New business formation is one of the most important economic and social activities for any society expecting economic gain and innovation. Research sponsored by the Ewing Marion Kauffman Foundation reveals that new business formation is widespread and involves all racial and ethnic groups. Following are highlights of two recent studies relevant to minority entrepreneurship, including The Entrepreneur Next Door: Characteristics of Individuals Starting Companies in America and Minorities and Venture Capital: a New Wave in American Business.
- Entrepreneurship is a widespread activity in the United States. Participation is as common as getting married or the birth of a baby. About 6.2 in every 100 U.S. adults 18 years and older are engaged in trying to start new firms
- Blacks are about 50 percent more likely to engage in start-up activities than whites. Hispanic men are about 20 percent more likely than white men to be involved with a start-up, but the difference isn’t statistically significant. Hispanic men are about equally as likely to attempt to start a business as white women, but they are less likely to be participating in start-up activities than black women.
- Education significantly predicts nascent entrepreneurship, particularly for blacks and Hispanics. Approximately 26 of every 100 black men and 20 of every 100 Hispanic men with graduate education experience report efforts to start a new business. This compares to 10 of every 100 white men with graduate education experience.
- Where people live affects entrepreneurial activity. Urban context, a county-level measure of certain economic, demographic and educational factors, is associated with prevalence rates of nascent entrepreneurs. Prevalence rates are higher in more urban areas.

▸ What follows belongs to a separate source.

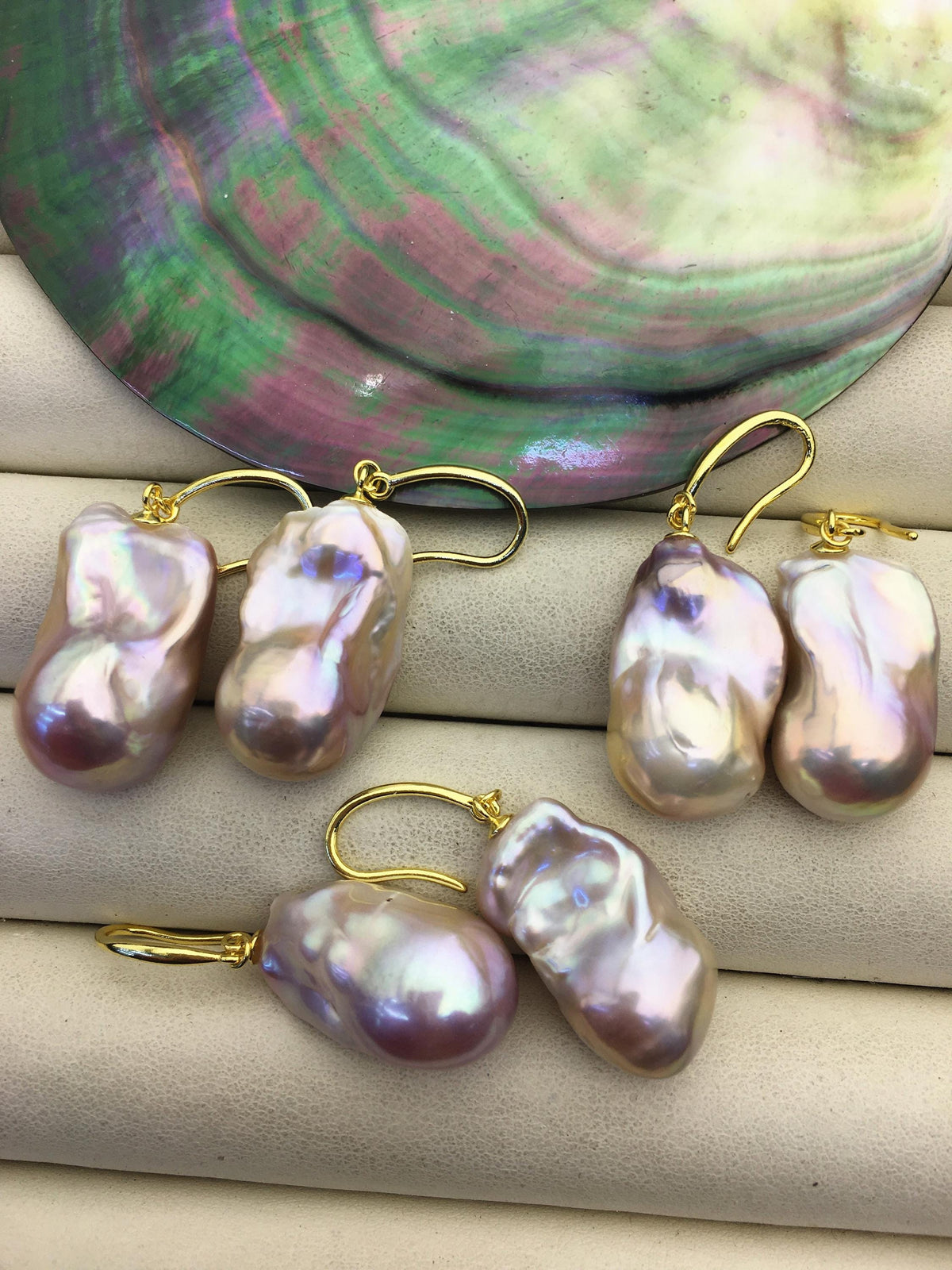 1 pair AAA 13-18mm natural purple flame ball pearl dangle earrings,gold sterling silver earrings,SE3-031-15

- The impact of urban context varies for whites, blacks and Hispanics. For white and black men and women, the tendency to initiate start-up efforts is greatest among those living in more urban contexts. But for Hispanic men and women, the highest levels of activity are among those in the least urban contexts.
- Venture capital investing in minority enterprises is very profitable. An analysis of 24 venture capital funds making 117 minority-oriented investments found the average investment per firm was $562,400; the average gross yield per firm was $1,623,900 generating an average net return of $1,061,500.
- Venture capital funds that focus their investment in minority enterprises do not concentrate heavily in high tech firms. Unlike the broader VC industry, funds focused on minority businesses support a more diverse range of industries.